The RISCK subjects, for which there was DNA available, consisted of an ethnic mix (81% White; 9% S-SE Asian, 7% Black African, 3% other). The allele frequency of all SNPs studied varied significantly by ethnicity, therefore this analysis was restricted to the Caucasian European subjects only, which represented the predominant group (n = 405).

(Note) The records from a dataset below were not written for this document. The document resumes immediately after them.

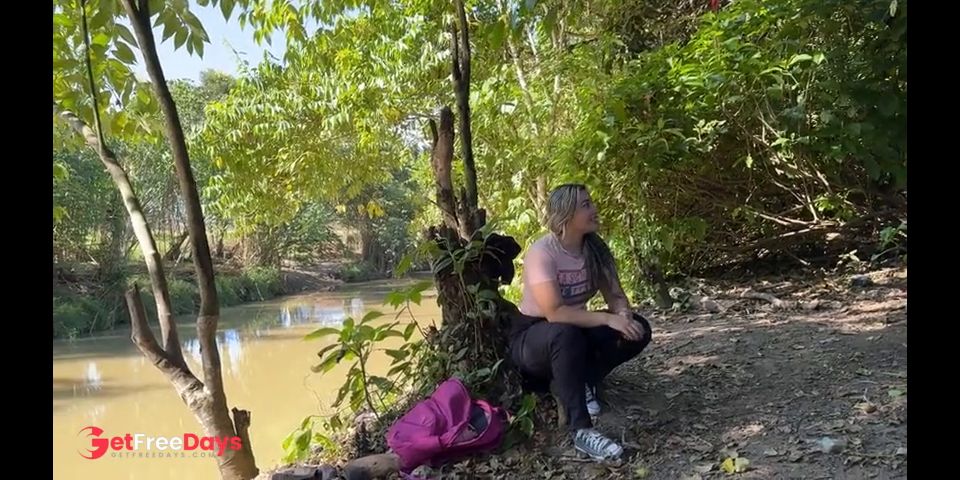 A walk with my friend turns very hot, nice outdoor blowjob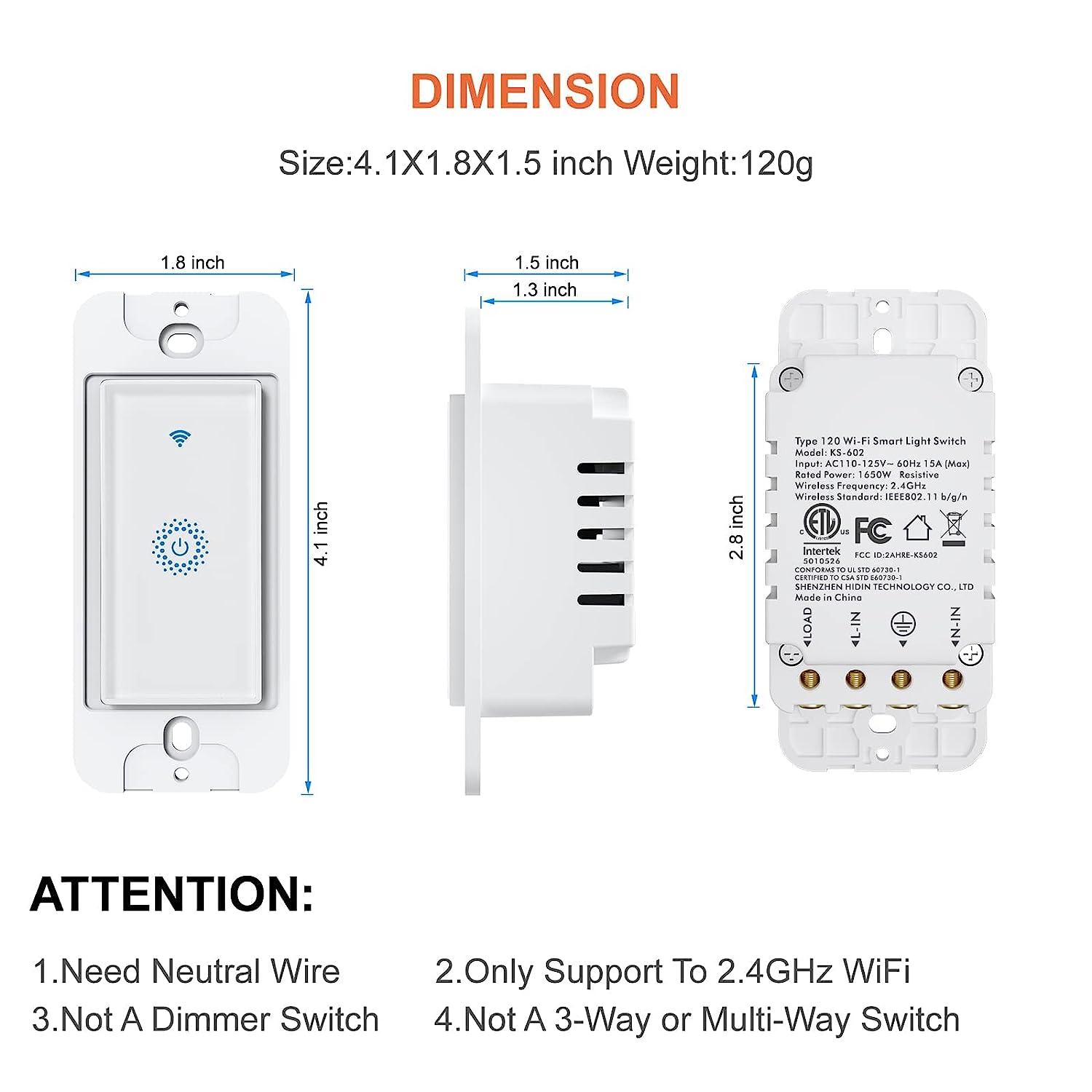 Smart Switch, Smart Light Touch Switch 2 Gang, Double Smart WiFi Light Switches, Smart Switch 2 Gang Compatible with Alexa and Google Home, Neutral Wire Needed, No hub Required (2Gang)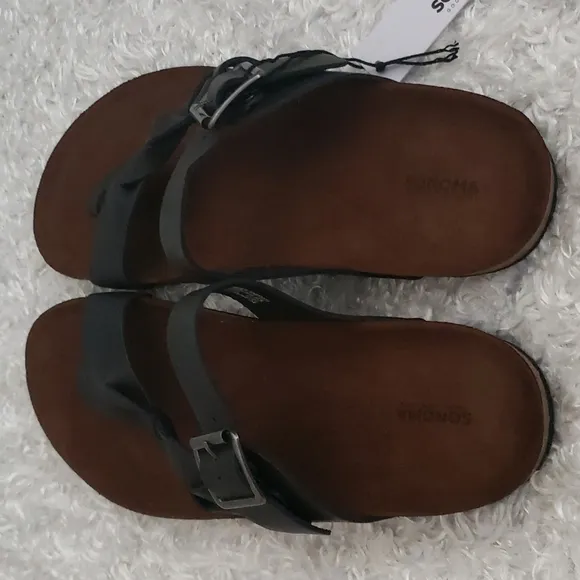 NWT Leather Footbed Slide Sandals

Effect of number of FFAR1 risk alleles carried with change in plasma fatty acid level on metabolic outcome

The RISCK study has been analysed for plasma fatty acid profiles as an independent assessment of dietary change [1]. The fatty acids greater than C-6 are agonists for FFAR1 receptor, recent evidence in-vitro suggest that n-3 fatty acids stimulate the greatest response activation causing a greatest rise in intracellular calcium [1]. To examine the impact of change in plasma fatty acids greater than C-6 and DHA and EPA on metabolic outcome we analysed those subjects that has a positive change in plasma levels of the fatty acids between the baseline visit and end visit at week 24 giving a cohort of 280 of the volunteers.

Statistical analysis

Data were tested for normal distribution and log-transformed for analysis where appropriate, as indicated in tables. Non-normally distributed data were presented as the geometric mean ± 95% confidence intervals. The cohort was separated by genotype and the mean value for each trait presented according to an additive model for each SNP. Each SNP was scored as 0,1,2 according to the number of BMI-increasing alleles carried for rs2301151 and rs1573611. The SNP rs16970264 had no association with BMI and was therefore scored 0,1,2 based on the number of total cholesterol increasing alleles carried. The BMI- or total cholesterol- increasing allele is referred to as the “risk allele”. The association between FFAR1 SNPs and measures of body composition, insulin sensitivity and lipids were carried out using linear regression analysis. Age and gender were included in all models as covariates. For insulin sensitivity and lipid measures the associations were further adjusted for BMI. The effect of genotype on trait was then examined as dominant and recessive models based on the BMI or total cholesterol-increasing risk alleles. The mean of each trait divided by genotype is presented as the recessive and dominant models. The association of risk alleles according to the dominant and recessive models were also tested by linear regression. For the dominant model, a score of 0 was assigned for no risk alleles and 1 for presence (heterozygous or homozygous) of risk alleles, and for the recessive model, a score of 1 was assigned for homozygous for the risk allele and 0 for the others. We used the sum of risk alleles from the dominant models, as the numbers of the rare homozygous genotype were too low to analyse as single genotypes. In the analysis to assess the impact of dietary change metabolic change we used the change in plasma fatty acid profiles, an independent assessment of dietary intake. Uncorrected P-values are presented, however to account for multiple comparisons, we used the False Discovery Rate controlling procedure (q* = 0.05) of Benjamini and Hochburg with BMI, insulin-sensitivity and lipid-related traits treated as different families of hypotheses [11]. It is indicated where P-values satisfied the calculated FDR constraints.

Results

Subject characteristics

The allele frequency, gender and age distribution of the subjects of white ethnic origin included in this study, are shown stratified by genotype for the three SNPs in Table 1. There were no significant differences in age or gender distributions between the genotypes of any of the three FFAR1 SNPs analysed (Table 1). There was no significant difference in metabolic syndrome or CVD risk, according to the study-specific scoring system) between the genotypes of any of the three FFAR1 SNPs.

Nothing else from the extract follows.